"""

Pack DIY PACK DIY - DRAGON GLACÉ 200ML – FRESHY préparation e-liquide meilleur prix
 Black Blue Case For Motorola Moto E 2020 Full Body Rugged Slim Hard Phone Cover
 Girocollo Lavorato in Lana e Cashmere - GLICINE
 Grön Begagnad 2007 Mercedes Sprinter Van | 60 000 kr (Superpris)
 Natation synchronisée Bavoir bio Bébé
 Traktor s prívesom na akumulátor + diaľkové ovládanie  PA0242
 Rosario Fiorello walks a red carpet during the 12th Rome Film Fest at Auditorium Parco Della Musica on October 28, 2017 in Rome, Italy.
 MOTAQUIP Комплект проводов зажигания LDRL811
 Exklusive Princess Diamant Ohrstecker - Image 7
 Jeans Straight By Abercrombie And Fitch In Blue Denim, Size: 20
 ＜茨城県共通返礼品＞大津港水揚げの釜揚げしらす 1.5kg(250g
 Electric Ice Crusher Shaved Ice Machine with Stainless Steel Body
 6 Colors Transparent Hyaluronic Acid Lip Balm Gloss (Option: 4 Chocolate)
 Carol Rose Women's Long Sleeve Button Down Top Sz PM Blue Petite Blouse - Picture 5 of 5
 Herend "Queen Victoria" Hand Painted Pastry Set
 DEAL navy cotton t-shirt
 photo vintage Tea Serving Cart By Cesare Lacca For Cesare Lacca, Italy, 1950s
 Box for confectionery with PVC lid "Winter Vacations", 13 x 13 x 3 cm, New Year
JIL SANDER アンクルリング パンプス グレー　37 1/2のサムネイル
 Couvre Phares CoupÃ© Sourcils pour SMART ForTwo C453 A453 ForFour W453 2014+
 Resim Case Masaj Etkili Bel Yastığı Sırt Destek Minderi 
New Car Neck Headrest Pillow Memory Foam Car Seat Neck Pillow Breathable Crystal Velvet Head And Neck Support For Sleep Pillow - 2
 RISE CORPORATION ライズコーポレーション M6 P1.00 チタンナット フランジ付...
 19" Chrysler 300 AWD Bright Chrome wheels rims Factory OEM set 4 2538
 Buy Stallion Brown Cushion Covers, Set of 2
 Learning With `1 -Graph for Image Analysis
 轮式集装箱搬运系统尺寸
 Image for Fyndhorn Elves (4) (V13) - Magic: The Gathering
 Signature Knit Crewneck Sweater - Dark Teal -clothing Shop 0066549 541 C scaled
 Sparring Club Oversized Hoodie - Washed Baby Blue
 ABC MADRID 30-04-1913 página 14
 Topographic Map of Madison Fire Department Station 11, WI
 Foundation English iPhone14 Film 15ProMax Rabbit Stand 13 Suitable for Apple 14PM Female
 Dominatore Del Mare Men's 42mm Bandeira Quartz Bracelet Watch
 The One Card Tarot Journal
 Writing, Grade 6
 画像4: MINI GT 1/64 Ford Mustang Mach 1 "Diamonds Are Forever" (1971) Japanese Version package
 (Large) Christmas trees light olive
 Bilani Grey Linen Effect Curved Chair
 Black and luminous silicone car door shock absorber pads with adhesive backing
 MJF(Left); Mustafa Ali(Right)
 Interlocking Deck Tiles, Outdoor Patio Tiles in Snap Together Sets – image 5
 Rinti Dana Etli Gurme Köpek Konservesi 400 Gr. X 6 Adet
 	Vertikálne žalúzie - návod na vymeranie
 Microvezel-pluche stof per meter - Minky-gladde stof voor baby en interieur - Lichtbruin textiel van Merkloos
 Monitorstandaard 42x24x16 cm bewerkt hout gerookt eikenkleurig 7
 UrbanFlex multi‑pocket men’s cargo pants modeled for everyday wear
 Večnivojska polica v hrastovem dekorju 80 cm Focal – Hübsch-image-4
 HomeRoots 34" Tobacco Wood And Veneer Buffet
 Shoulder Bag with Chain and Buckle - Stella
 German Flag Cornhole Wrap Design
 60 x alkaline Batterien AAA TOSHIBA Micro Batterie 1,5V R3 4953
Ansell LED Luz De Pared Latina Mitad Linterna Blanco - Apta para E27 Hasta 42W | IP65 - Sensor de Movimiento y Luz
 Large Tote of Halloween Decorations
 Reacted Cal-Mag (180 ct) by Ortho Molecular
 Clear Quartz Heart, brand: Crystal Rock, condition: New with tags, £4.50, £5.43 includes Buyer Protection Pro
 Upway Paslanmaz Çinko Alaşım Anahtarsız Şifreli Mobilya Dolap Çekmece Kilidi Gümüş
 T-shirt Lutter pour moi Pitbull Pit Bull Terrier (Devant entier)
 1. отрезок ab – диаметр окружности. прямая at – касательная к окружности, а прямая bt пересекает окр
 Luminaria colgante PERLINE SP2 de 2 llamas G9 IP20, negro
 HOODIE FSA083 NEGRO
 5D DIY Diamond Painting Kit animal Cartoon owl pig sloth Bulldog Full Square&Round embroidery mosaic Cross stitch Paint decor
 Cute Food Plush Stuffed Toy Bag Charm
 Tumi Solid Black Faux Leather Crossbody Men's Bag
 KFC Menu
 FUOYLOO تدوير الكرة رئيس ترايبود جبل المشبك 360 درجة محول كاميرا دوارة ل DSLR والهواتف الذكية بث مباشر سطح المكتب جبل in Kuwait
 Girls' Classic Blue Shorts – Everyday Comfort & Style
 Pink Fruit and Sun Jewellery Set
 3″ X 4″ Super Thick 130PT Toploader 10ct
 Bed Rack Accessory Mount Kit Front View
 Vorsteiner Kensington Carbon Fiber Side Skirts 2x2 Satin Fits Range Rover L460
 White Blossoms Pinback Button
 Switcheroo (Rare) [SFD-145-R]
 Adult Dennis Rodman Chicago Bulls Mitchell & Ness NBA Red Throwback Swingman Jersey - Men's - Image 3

"""

## Work to complete
The reply should hold only the lines of the listing above starting at the line containing "T-shirt Lutter pour" and ending at the line containing "Cute Food Plush Stuffed Toy Bag Charm", exactly as written.

## Result of this exercise
 T-shirt Lutter pour moi Pitbull Pit Bull Terrier (Devant entier)
 1. отрезок ab – диаметр окружности. прямая at – касательная к окружности, а прямая bt пересекает окр
 Luminaria colgante PERLINE SP2 de 2 llamas G9 IP20, negro
 HOODIE FSA083 NEGRO
 5D DIY Diamond Painting Kit animal Cartoon owl pig sloth Bulldog Full Square&Round embroidery mosaic Cross stitch Paint decor
 Cute Food Plush Stuffed Toy Bag Charm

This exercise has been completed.